WASHINGTON, D.C. - Mexico-based homebuilding company Desarrolladora Homex has agreed to settle charges that it reported fake sales of more than 100,000 homes to boost revenues in its financial statements during a three-year period under its previous management.
“We used high-resolution satellite imagery and other innovative investigative techniques to unearth that tens of thousands of purportedly built-and-sold homes were, in fact, nothing but bare soil," said Melissa Hodgman, Associate Director of the The U.S. Securities & Exchange Commission’s Enforcement Division.
The satellite imagery to help uncover the accounting scheme and illustrate its allegation that Homex had not even broken ground on many of the homes for which it reported revenues. The company's stock traded on the Mexican Bolsa, and on the New York Stock Exchange until trading was suspended.
The SEC alleges that Homex, one of the largest homebuilders in Mexico at the time, inflated the number of homes sold during 2014 through 2016 period by approximately 317 percent and overstated its revenue by 355 percent (approximately $3.3 billion).
The SEC complaint highlights that Homex reported revenues from a project site in the Mexican state of Guanajuato where every planned home was purportedly built and sold by Dec. 31, 2011. Satellite images of the project site on March 12, 2012, showed it was still largely undeveloped.
Homex develops, constructs and sells affordable entry-level, middle-income and tourism housing in Mexico and Brazil. Founded in Culiacán, the state capital of Sinaloa in 1989, Homex filed for the Mexican equivalent of bankruptcy protection in April 2014 and emerged in October 2015 under new equity ownership.

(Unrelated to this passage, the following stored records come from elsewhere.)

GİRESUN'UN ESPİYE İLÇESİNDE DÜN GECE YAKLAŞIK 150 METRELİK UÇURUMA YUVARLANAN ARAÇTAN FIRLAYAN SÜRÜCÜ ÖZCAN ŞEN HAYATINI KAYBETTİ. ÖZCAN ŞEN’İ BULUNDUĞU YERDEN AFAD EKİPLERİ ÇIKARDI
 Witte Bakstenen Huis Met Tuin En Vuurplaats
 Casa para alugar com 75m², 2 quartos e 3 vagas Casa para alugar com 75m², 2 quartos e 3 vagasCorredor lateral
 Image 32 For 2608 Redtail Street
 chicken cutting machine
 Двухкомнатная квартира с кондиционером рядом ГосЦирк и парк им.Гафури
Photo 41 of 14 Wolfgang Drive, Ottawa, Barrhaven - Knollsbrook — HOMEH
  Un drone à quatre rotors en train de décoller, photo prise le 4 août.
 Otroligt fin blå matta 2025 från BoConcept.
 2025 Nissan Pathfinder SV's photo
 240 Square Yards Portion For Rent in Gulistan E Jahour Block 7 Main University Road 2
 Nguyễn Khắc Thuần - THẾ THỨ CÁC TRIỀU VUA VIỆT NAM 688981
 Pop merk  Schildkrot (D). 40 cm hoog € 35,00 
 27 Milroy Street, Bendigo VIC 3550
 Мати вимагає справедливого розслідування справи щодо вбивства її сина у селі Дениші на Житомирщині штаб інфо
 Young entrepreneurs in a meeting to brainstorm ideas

The company’s then-CEO and then-CFO have been placed on unpaid leave since May 2016. Homex has since undertaken significant remedial efforts and cooperated with the SEC’s investigation.
“Homex deprived its investors of accurate and reliable financial results by reporting key numbers that were almost completely made up,” said Stephanie Avakian, Acting Director of the SEC’s Enforcement Division. “The settlement takes into account that the fraud occurred entirely under the watch of prior ownership and management, the company’s new leaders provided critical information regarding the full scope of the fraudulent conduct.”
Without admitting or denying the allegations in the SEC’s complaint filed in U.S. District Court for the Southern District of California, Homex consented to the entry of a final judgment permanently enjoining the company from violating the antifraud, reporting, and books and records provisions of the federal securities laws, and the company agreed to be prohibited from offering securities in the U.S. markets for at least five years. The settlement is subject to court approval.
The SEC’s investigation is being conducted by Alfred C. Tierney, Benjamin D. Brutlag, Andrew M. Shirley, Juan M. Migone and Richard Hong. The case is being supervised by J. Lee Buck II. The SEC said it received the assistance of the Mexican Comisión Nacional Bancaria y de Valores.